** Provided records follows **

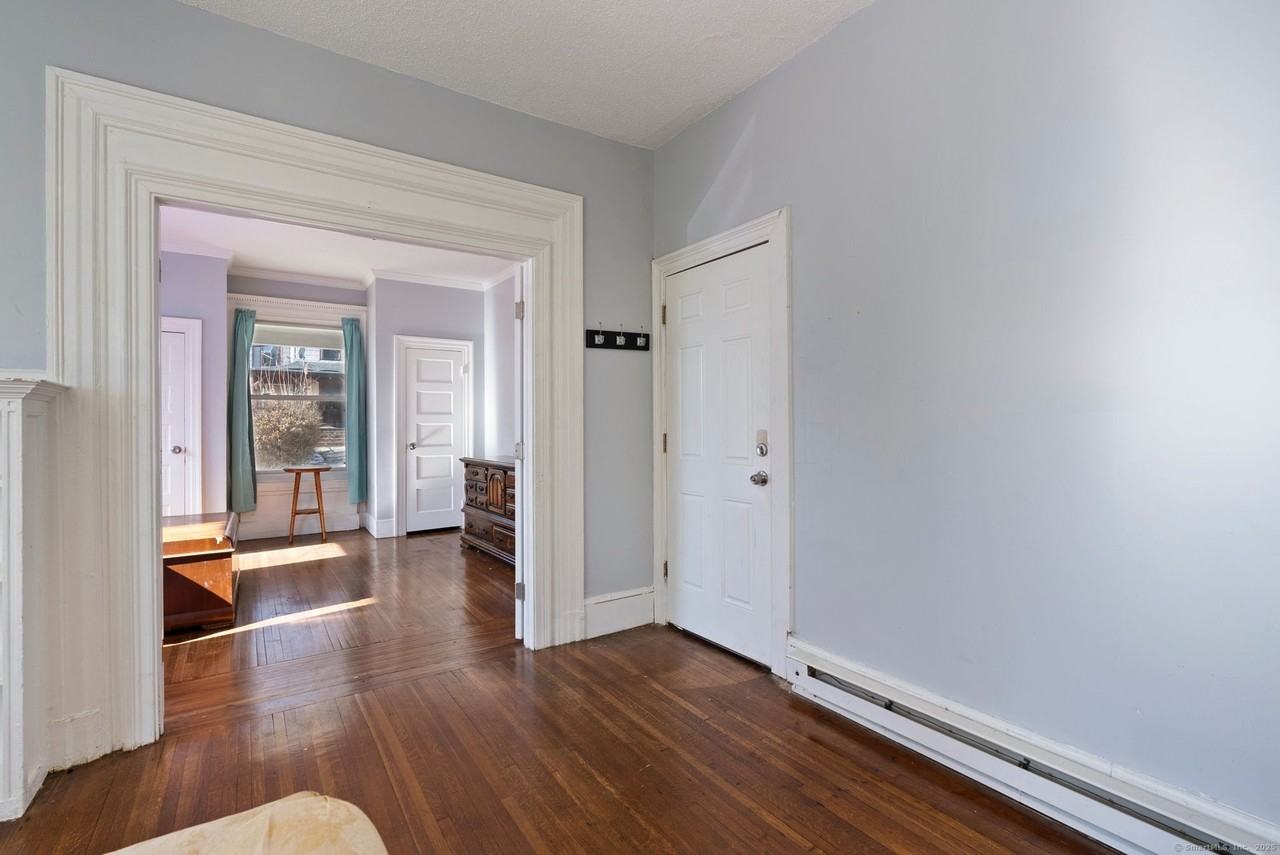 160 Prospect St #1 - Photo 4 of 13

** End of Provided records **
** Provided records follows **

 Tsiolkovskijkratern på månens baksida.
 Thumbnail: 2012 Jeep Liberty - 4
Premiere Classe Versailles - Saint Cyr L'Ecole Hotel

** End of Provided records **
** Provided records follows **

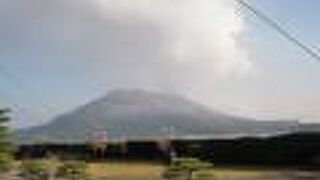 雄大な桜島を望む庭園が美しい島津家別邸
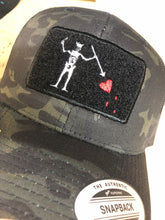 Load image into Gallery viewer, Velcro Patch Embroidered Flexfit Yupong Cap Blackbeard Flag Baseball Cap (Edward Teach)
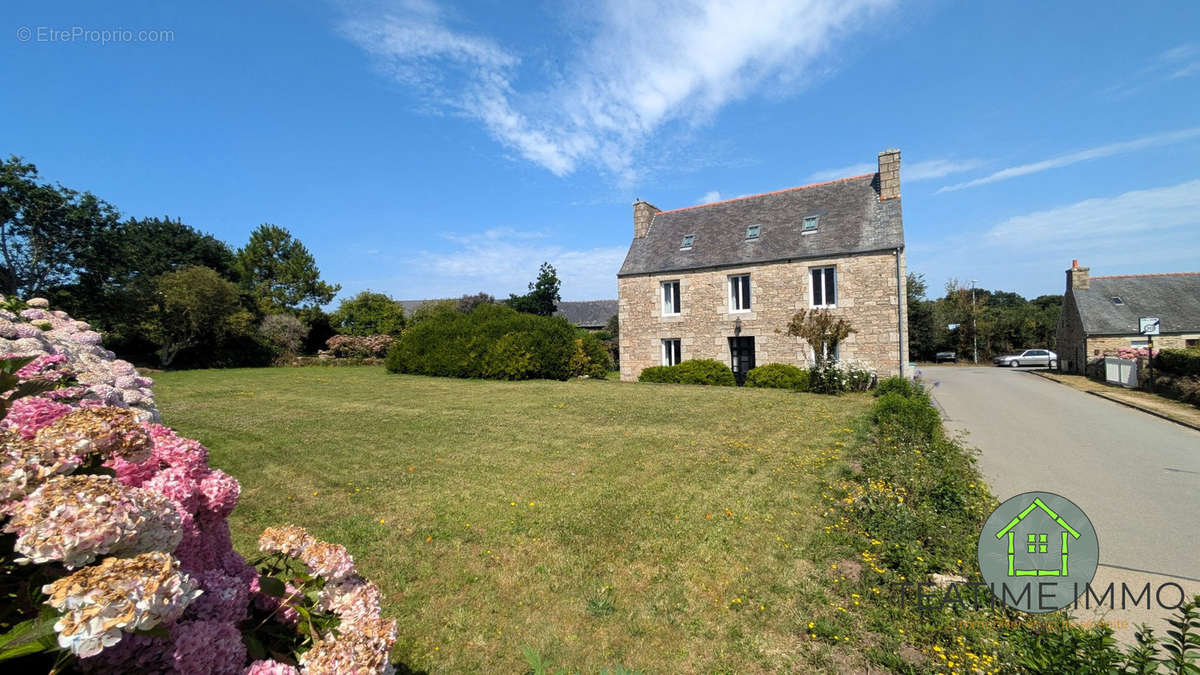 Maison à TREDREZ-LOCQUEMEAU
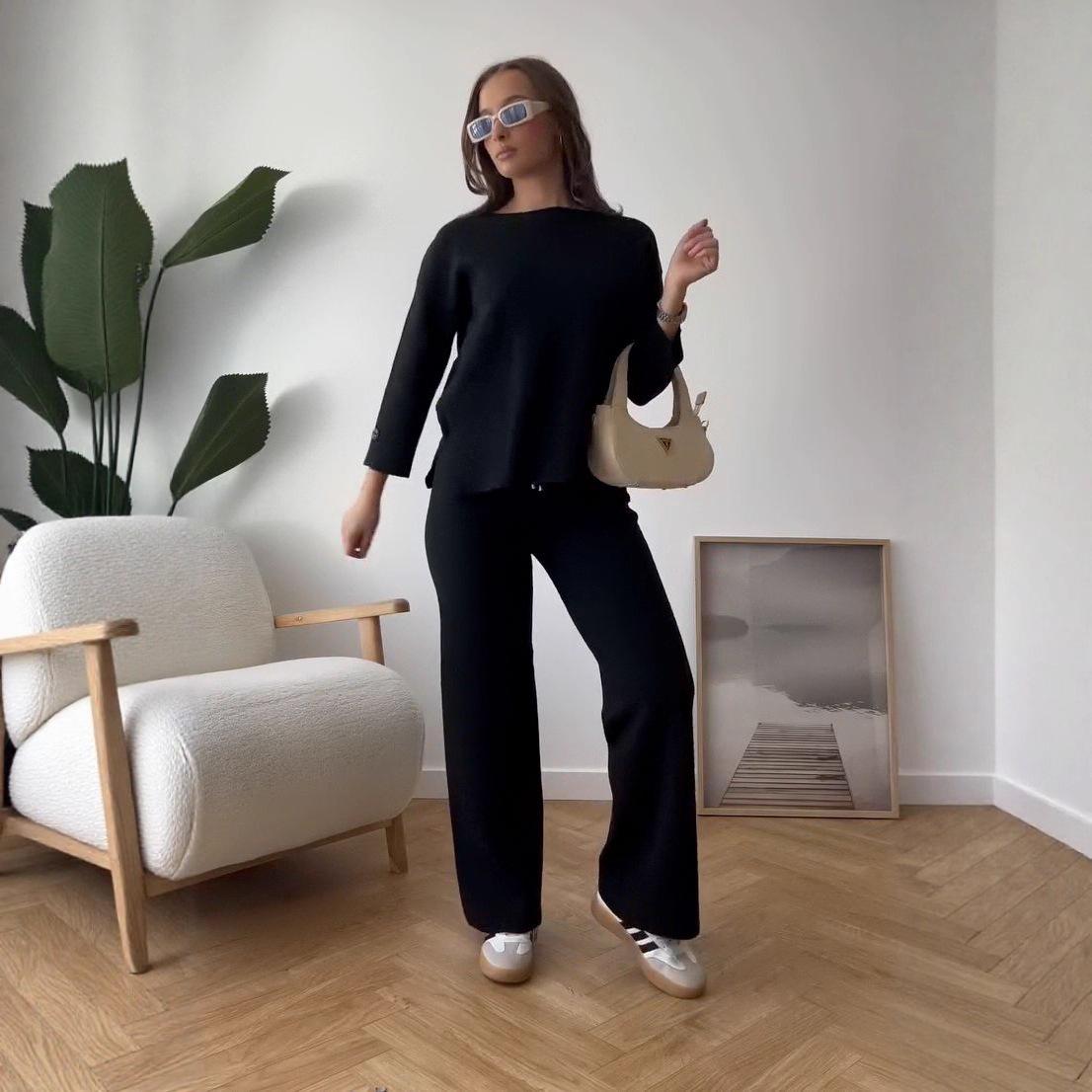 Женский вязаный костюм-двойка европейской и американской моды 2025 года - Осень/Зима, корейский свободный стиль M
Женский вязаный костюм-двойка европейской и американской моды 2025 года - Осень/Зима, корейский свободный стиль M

** End of Provided records **

Brief: Would you quote everything above from the line containing "Tsiolkovskijkratern på månens baksida." down to the line containing "Premiere Classe Versailles"? Include both of those lines and nothing else.

Answer section:
 Tsiolkovskijkratern på månens baksida.
 Thumbnail: 2012 Jeep Liberty - 4
Premiere Classe Versailles - Saint Cyr L'Ecole Hotel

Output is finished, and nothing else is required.